Komitmen tersebut menjadi salah satu rekomendasi strategis hasil Rapat Kerja Daerah (Rakerda) Pemuda Katolik Komda DKI Jakarta yang diselenggarakan pada Sabtu, 13 Juni 2026. Melalui forum tersebut, Pemuda Katolik DKI Jakarta mendorong kadernya mengambil peran aktif dalam isu lingkungan hidup, khususnya penguatan kesadaran masyarakat terhadap pengelolaan sampah dan keberlanjutan lingkungan.
Ketua Pemuda Katolik Komda DKI Jakarta, Aloisius Anggorokresno Abiwangsa, menyampaikan bahwa terdapat ruang kolaborasi yang besar antara semangat Ardas KAJ 2026 dengan visi pembangunan Pemerintah Provinsi DKI Jakarta, terutama melalui kebijakan pemilahan sampah dari sumbernya sebagaimana tertuang dalam Instruksi Gubernur (Ingub) No 5 Tahun 2026 tentang Gerakan Pemilahan dan Pengolahan Sampah dari Sumber.

“Semangat menjaga keutuhan ciptaan yang menjadi perhatian Gereja memiliki nilai yang sejalan dengan upaya Pemerintah Provinsi DKI Jakarta dalam membangun kota yang lebih berkelanjutan. Pemuda Katolik siap menjadi bagian dari gerakan bersama ini melalui edukasi, kolaborasi, dan aksi nyata di tengah masyarakat,” ujar Anggo.
Menurutnya, komitmen tersebut akan diwujudkan melalui program-program ekologis dengan melibatkan kader Pemuda Katolik, komunitas Gereja, Orang Muda Katolik (OMK) paroki, serta berbagai pemangku kepentingan lainnya.
Selain menetapkan rekomendasi strategis organisasi, pada kesempatan yang sama Pemuda Katolik Komda DKI Jakarta juga melaksanakan Pembekalan Pengurus dengan menghadirkan Ketua Umum Pengurus Pusat Pemuda Katolik Stefanus Gusma dan Dewan Pembina Pemuda Katolik Komda DKI Jakarta Heru Krisna.
Dalam arahannya, Stefanus Gusma menekankan pentingnya penguatan kaderisasi internal sebagai fondasi utama organisasi.
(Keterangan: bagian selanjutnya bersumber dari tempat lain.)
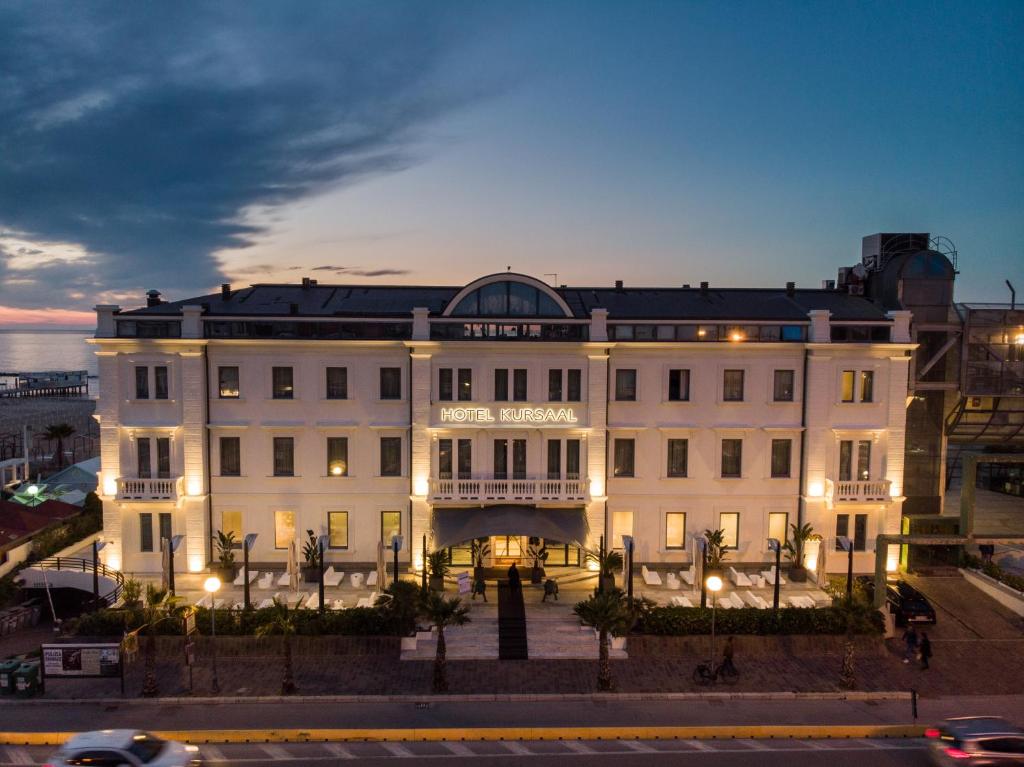 un grand bâtiment blanc éclairé dans l'établissement Kursaal Hotel, à Cattolica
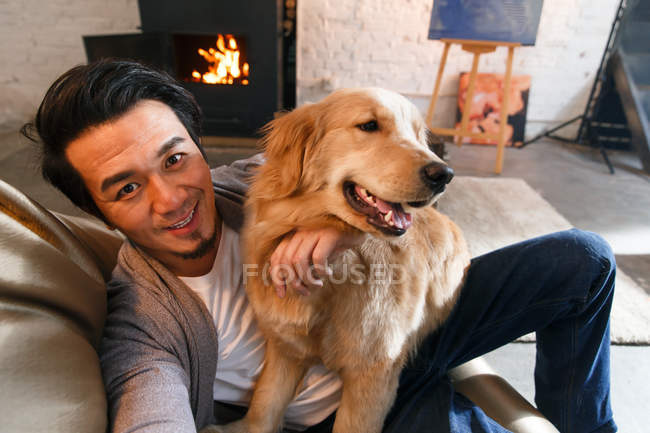 High angle view of cheerful asian man resting with dog and smiling at camera at home — Stock Photo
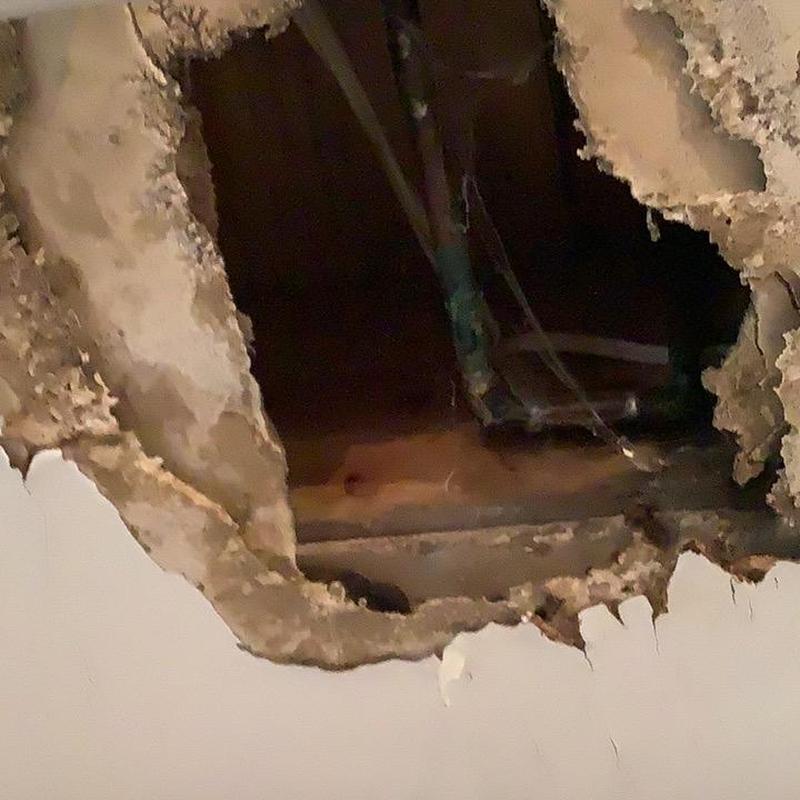 Copper waterline with ceiling hole from leak damage Copper waterline with ceiling hole from leak damage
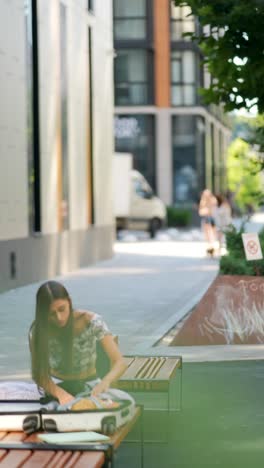 young woman packing luggage outdoors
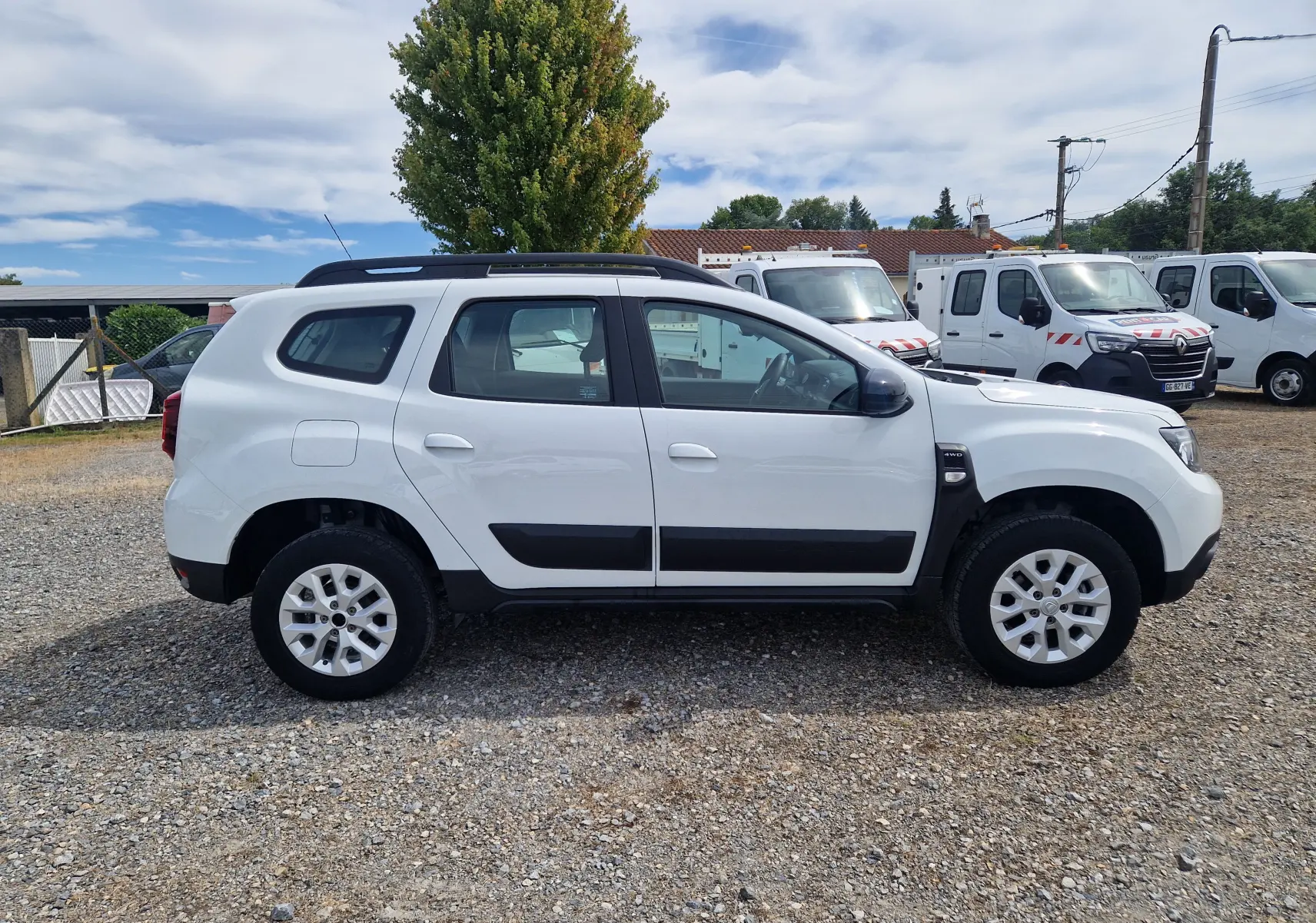 Profil côté gauche d'un Dacia Duster blanc 4x4 avec barres de toit noires, sur un sol gravillonné en extérieur.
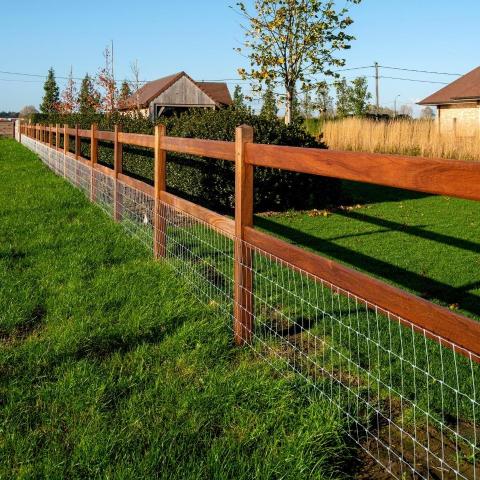 Wooden fence with square posts, 2 rails and a wire mesh on it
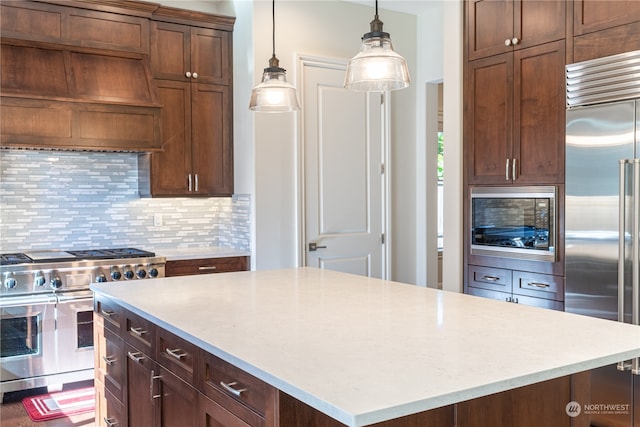 kitchen featuring tasteful backsplash, built in appliances, pendant lighting, a center island, and custom exhaust hood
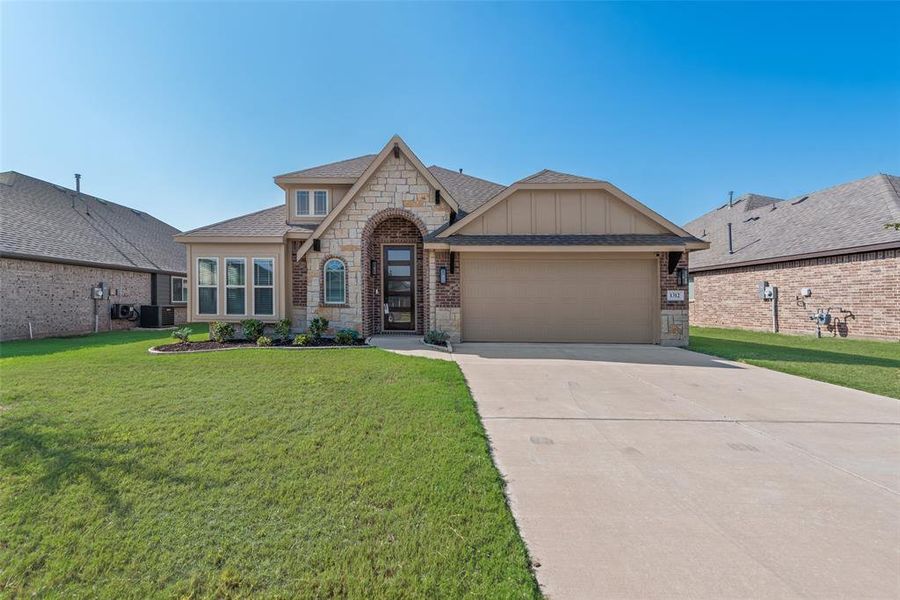 View of front of house with stone siding, a shingled roof, driveway, a front lawn, and an attached garage View of front of house with stone siding, a shingled roof, driveway, a front lawn, and an attached garage
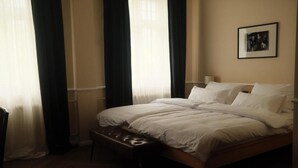 Una habitación de hotel con una cama, un banco y un cuadro en la pared.
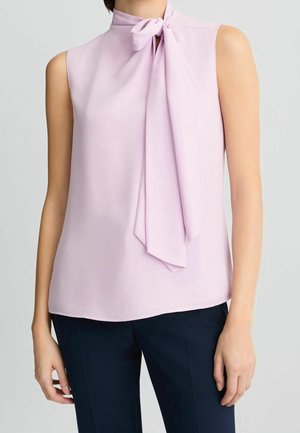 Mouwloze lichtpaarse blouse met een hoge halslijn en een gestrikte strik, gecombineerd met donkerblauwe broek, getoond op een staand persoon.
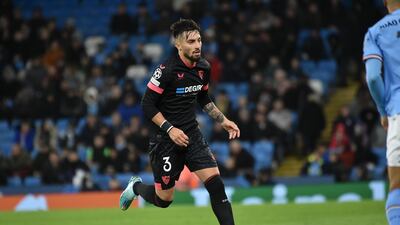 Alex Telles earns £70,000 a week at Sevilla. AP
Menurutnya, Pemuda Katolik sebagai organisasi kader harus terus menghadirkan ruang pembinaan agar kader mampu bertumbuh dan mengambil peran di berbagai bidang.
“Kaderisasi adalah napas organisasi. Pemuda Katolik harus memastikan proses kaderisasi berjalan sekaligus memperkuat jejaring dan kolaborasi. Di Jakarta, kedekatan dengan OMK paroki menjadi peluang besar untuk bersama-sama menghadirkan program yang bermanfaat bagi Gereja dan masyarakat,” ujar Gusma.
Sementara itu, Heru Krisna dalam pembekalan mengenai Kepemimpinan Transformatif mengajak kader Pemuda Katolik DKI Jakarta untuk memiliki cara berpikir adaptif, inovatif, serta mampu menjadi pemimpin yang membawa perubahan positif.
Menurutnya, tantangan zaman membutuhkan kader yang tidak hanya mampu memahami persoalan, tetapi juga berani mengambil tanggung jawab untuk menghadirkan solusi melalui kerja kolaboratif.

Kegiatan Pembekalan dan Rakerda Pemuda Katolik Komda DKI Jakarta dibuka oleh Sekretaris Jenderal Pengurus Pusat Pemuda Katolik Lorensius Purba dan dihadiri oleh jajaran Pengurus Pusat, serta para Ketua Komisariat Cabang (Komcab) se-DKI Jakarta.
Rangkaian kegiatan ditutup dengan Misa Perutusan yang dipimpin oleh Pastor Moderator Pemuda Katolik Komda DKI Jakarta, Romo Gregorius Soetomo, SJ, sebagai peneguhan komitmen kader untuk terus berkarya dengan semangat Pro Ecclesia et Patria, untuk Gereja dan Tanah Air.